How do I encapsulate an element into list without using an `.apply` in Polars?

83 Views Asked by At

A follow-on from my question about preparatory .explode for rows too big for regular explode

How do I appropriately encapsulate a list into another list without using an .apply?

I only want to use the slow .apply on the one or two rows which necessitate it by being too large for a regular explode. But when I try to use .when/.then, I don't know what to put in place of the None below to overcome the mismatch between the normal value pl.List(pl.Utf8) and prep'd pl.List(pl.List(pl.Utf8) (for the double .explode later).

Ideally, it'd be something like list(pl.col('explode_me'))

This works:

import polars as pl

df = pl.LazyFrame({'col1': ['string '*1_000_000, 'a b c']})
(df
 .with_columns(explode_me = pl.col('col1').str.split(' '))
 .with_columns(
     (pl.when(pl.col('explode_me').list.lengths() <= 4)
        .then(None)
        .otherwise(pl.col('explode_me').apply(lambda x: [x[i:i+10_000] for i in range(0, len(x), 10_000)]), 
                                              return_dtype= pl.List(pl.List(pl.Utf8)))))
 .explode('explode_me').explode('explode_me')
 .collect(streaming=True)
)

I'm sure it's something simple, but I can't for the life of me get it to work.

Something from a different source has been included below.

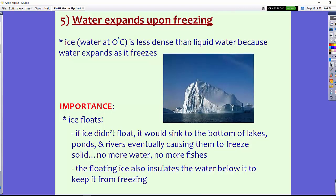The fifth and final property of water is that water expands upon freezing. Ice is actually less dense than liquid water because water expands as it freezes. You may have experienced putting a water bottle filled to the top into the freezer, or a soda can — it explodes because as it freezes, it expands and there's no place for it to go. The important thing here is that ice floats. The ice's density is actually less than liquid water, so it floats. If ice didn't float, it would sink to the bottom of lakes, rivers, and ponds, and cause the entire body of water to freeze over — and there'd be no more fish.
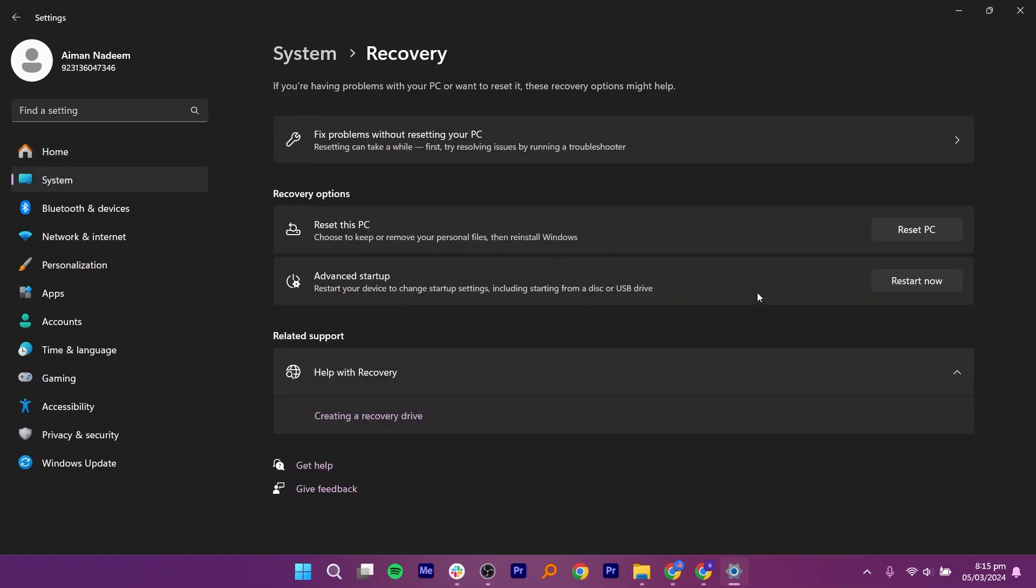Go to Advanced Startup under Recovery Options. Click on Restart Now, given right next to it.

I've tried fiddling with concat, pl.List, implode, cast...

1

There are 1 best solutions below

0
Thomas On

This is my current solution, which may be a bit roundabout because I split the columns, and then coalesce them back together once they're the same type:

import polars as pl

df = pl.LazyFrame({'col1': ['string '*1_000_000, 'a b c']})
(df
 .with_columns(explode_me = pl.col('col1').str.split(' '))
 .with_columns(part1 = (pl.when(pl.col('explode_me').list.lengths() >= 4)
                          .then(pl.col('explode_me').apply(lambda x: [x[i:i+10_000] for i in range(0, len(x), 10_000)], 
                                                           return_dtype= pl.List(pl.List(pl.Utf8))))),
               part2 = (pl.when(pl.col('explode_me').list.lengths() <= 4)
                          .then(pl.col('explode_me'))),
               )
.explode('part1')
.with_columns(pl.coalesce(['part1', 'part2']).alias('combined'))
.select('combined')
.explode('combined')
.collect(streaming=True)
)